PROBLEM TO WORK ON.
Beneath this line is the data. Output exactly the lines from the line with "1517 W Teton" to the line with "Men's Red Nike", both ends included, and nothing more.

RECORDS PROVIDED.

☆ ☆ ☆ ☆

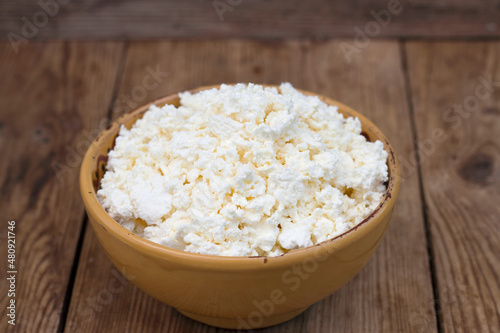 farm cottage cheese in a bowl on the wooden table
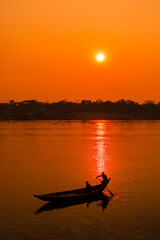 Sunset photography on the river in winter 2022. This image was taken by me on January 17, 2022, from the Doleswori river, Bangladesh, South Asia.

☆ ☆ ☆ ☆

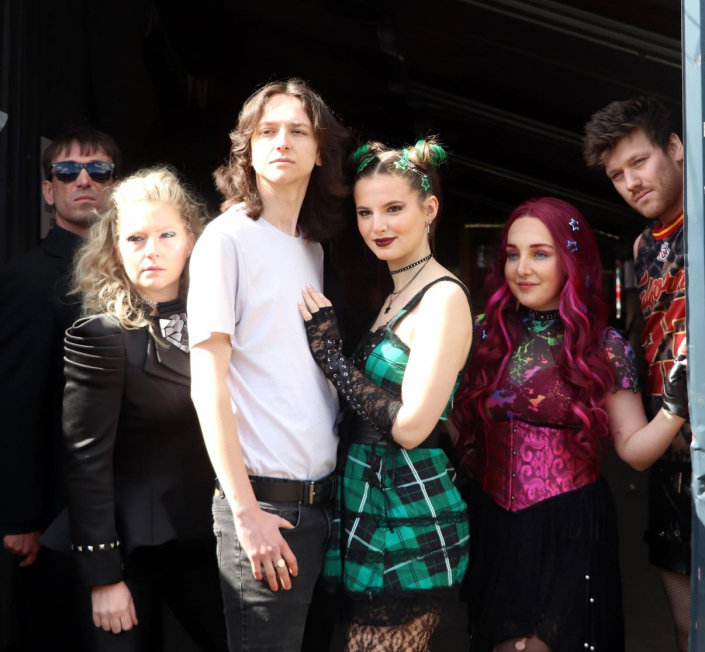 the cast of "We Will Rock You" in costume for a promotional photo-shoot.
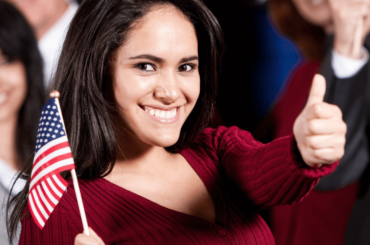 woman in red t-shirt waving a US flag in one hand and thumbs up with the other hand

☆ ☆ ☆ ☆

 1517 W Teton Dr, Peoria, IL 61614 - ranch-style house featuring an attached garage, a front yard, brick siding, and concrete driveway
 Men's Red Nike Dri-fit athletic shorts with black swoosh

☆ ☆ ☆ ☆

EXPECTED ANSWER.
 1517 W Teton Dr, Peoria, IL 61614 - ranch-style house featuring an attached garage, a front yard, brick siding, and concrete driveway
 Men's Red Nike Dri-fit athletic shorts with black swoosh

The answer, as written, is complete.